The draft Electricity (Rights of Consumers) Rules, 2020 which were unveiled by Union Ministry of Power on September 9 stated that the State Electricity Regulatory Commissions (SERC) shall come out with “regulations on grid-interactive rooftop solar PV (photovoltaic) system” and its related matters with timelines within six months of notification of these rules in case the same has not been notified.
The draft rules said these regulations shall provide for “net metering for loads up to five kW (kilowatt) and for gross metering for loads above five KW.” The ministry has sought comments and views from all stakeholders by September 30.
Under the net metering mechanism, the bills of electricity consumers, who also have solar rooftop power systems, are adjusted against the solar power they add to the grid. While in the gross metering mechanism, a consumer is compensated at a fixed feed-in-tariff for the total number of units of solar energy generated and exported to the grid and has to pay the power distribution company at retail supply tariff for the electricity consumed from the grid. The feed-in-tariff and retail supply tariff are typically different rates.
However, this could become problematic.
Shantanu Dixit of Prayas, a Pune-based non-governmental organisation working on energy issues, emphasised that if these draft rules come into implementation as they are, they will have a severe impact on the solar rooftop sector.
“There needs to be a wider debate about provisions for the solar rooftop sector in these rules. If they are accepted as it is then effectively the solar rooftop sector will come to a grinding halt. They are talking about net metering of only upto five KW whereas the central government’s intention (in many other plans) and many state governments’ focus is to have a larger solar rooftop sector. These rules in present form could have a serious negative impact on the growth of the solar rooftop sector,” Dixit told Mongabay-India.
India has a target of 100,000 megawatts (MW) of solar power by 2022 and of that 40,000 MW is targeted from the solar rooftop. At present (till June 30), according to a Bridge to India report, India’s installed solar rooftop capacity is about 5,953 MW.
Vibhuti Garg, energy economist with the Institute of Energy Economics and Financial Analysis (IEEFA), welcomed the focus on the solar rooftop. “Promotion of solar rooftop is also very positive.

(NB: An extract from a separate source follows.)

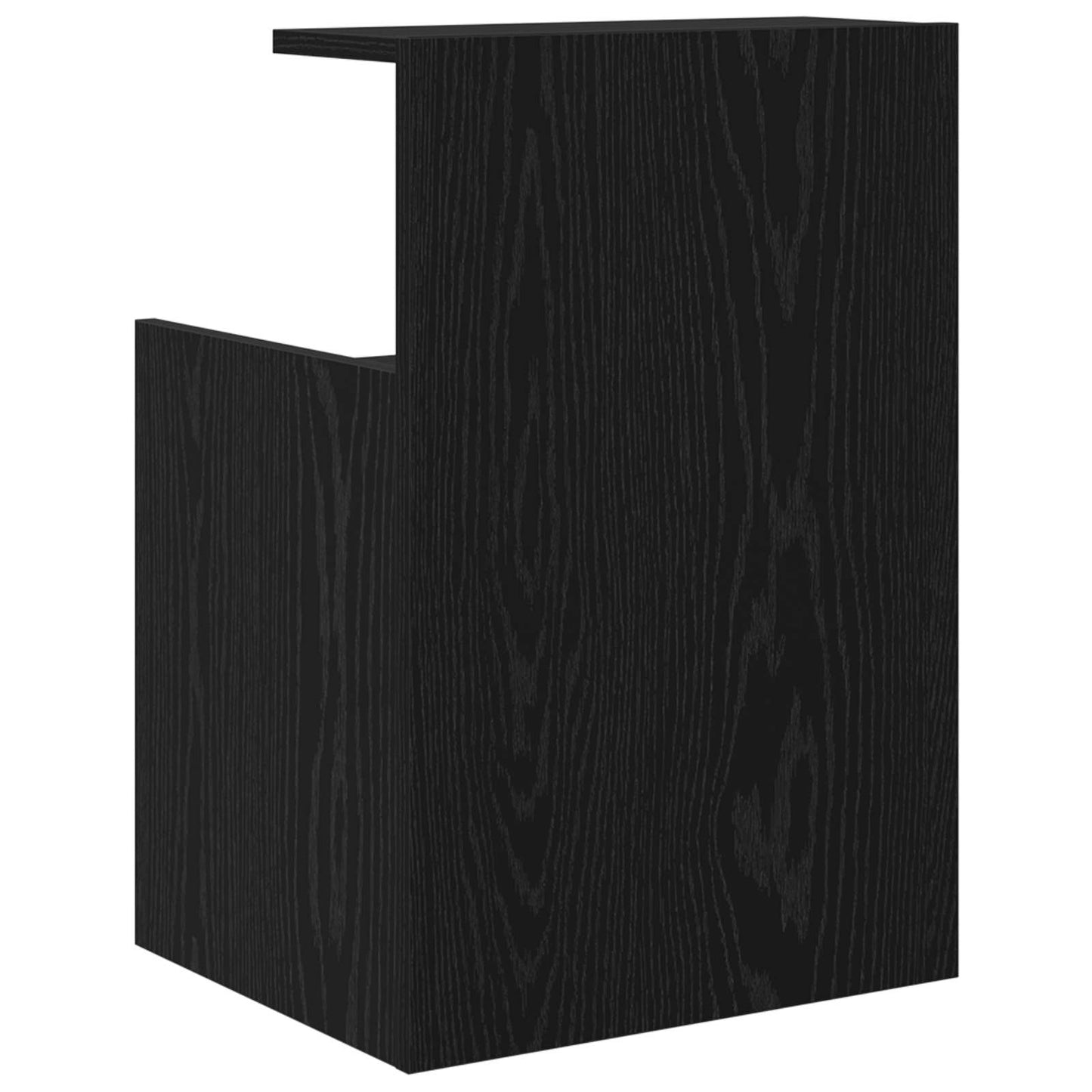 vidaXL Κομοδίνο Μαύρη Οξυά 40 x 35 x 60 εκ. Επεξεργασμένο ξύλο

However, the issue of the net and gross metering needs to be properly evaluated,” Garg told Mongabay-India.
Meanwhile, the draft rules said that renewable energy units may also be set up on other parts of the premises of the prosumers, apart from the roof. However, the total generation capacity of the renewable unit shall not exceed the limit as prescribed by the SERCs. Prosumer means a person which consumes electricity from the grid and can also inject electricity into the grid using the same point of connection. It also said the power distribution companies shall pass on the financial incentives to the prosumers as may be provided under various schemes and programmes of the central and state government.